We Are All Downstream

By Mike Klein

The Peace Chronicle is excited to share this public sculpture created by Mike Klein, a PJSA member and Program Director of Justice and Peace Studies at the University of St. Thomas in Minnesota. This sculpture is part of Art on the River, an annual temporary art exhibit by the city of Dubuque, Iowa. The theme for this year’s exhibit is Resiliency Flows, and it will be up through late July 2022. The photographs in this article were taken by the artist, who also wrote the accompanying text below. To learn more about this sculpture, you can visit its page on the City of Dubuque website. (It’s also worth following the breadcrumbs back to the exhibit’s main page.)

To be downstream is to change our view, to consider our relations upstream of this time and place.

To be downstream is to wonder how people are treating the river as that water flows to us. We might realize our interdependence with people upstream and with the river.

To be downstream is also to realize we are upstream from others.

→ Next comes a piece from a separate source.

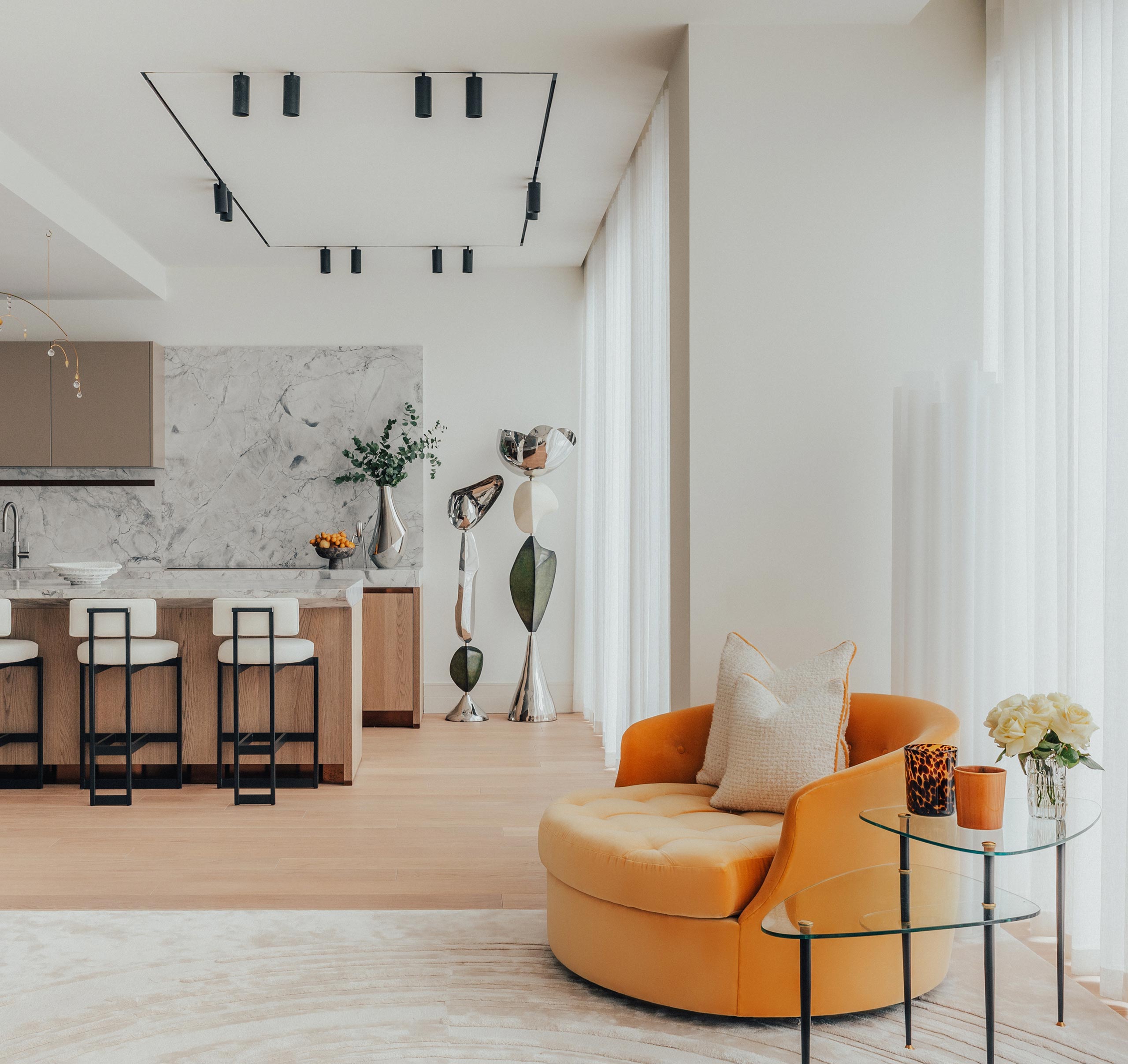A modern living room with a cozy, round orange chair beside a glass table. The open kitchen area features marble accents and bar stools, with a sleek, contemporary sculpture nearby.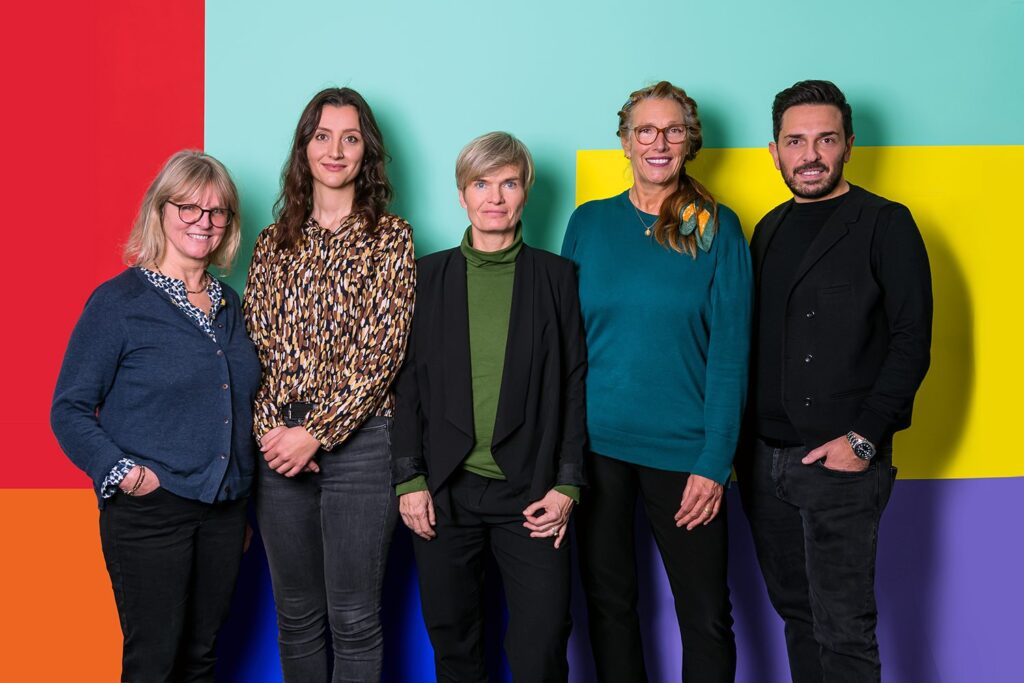 Fünf Menschen stehen vor einem bunten Hintergrund und blicken in die Kamera - Foto des neu gewählten Vorstands der BAG RelEx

They too might wonder about our respect for this river before it gets to them.

To be downstream is not just a matter of geography, it’s also a matter of chronology. If time is said to flow like a river, then we are downstream from the original people of this land; the Sauk and Meskwaki, the Kickapoo and Dakota. Their stories have been too often disregarded and submerged, but we can hear them today as they cry out: Mni Wiconi! – water is life!

Our upstream ancestors have treasured and used and abused this river. What kind of ancestors will we be to our downstream descendants in the flow of time? Will they shake their heads or nod in approval at the way that we have treated this river?

There is a third aspect to we are all downstream: As we grow in relationship to the river and to each other, we look upstream to the systems that influence and affect the water. We are individuals, yes, but also inter-dependent members of a larger community and of larger systems: food and energy, transportation and recreation…

Let’s go upstream from our individual places to see how our communities and our systems are either helping and sustaining this life-giving river – or how we need to go upstream to fix destructive systems through policy and legislation by imagining new approaches to the way we live our lives – to working together to create the future we want for our water, for ourselves, for our communities.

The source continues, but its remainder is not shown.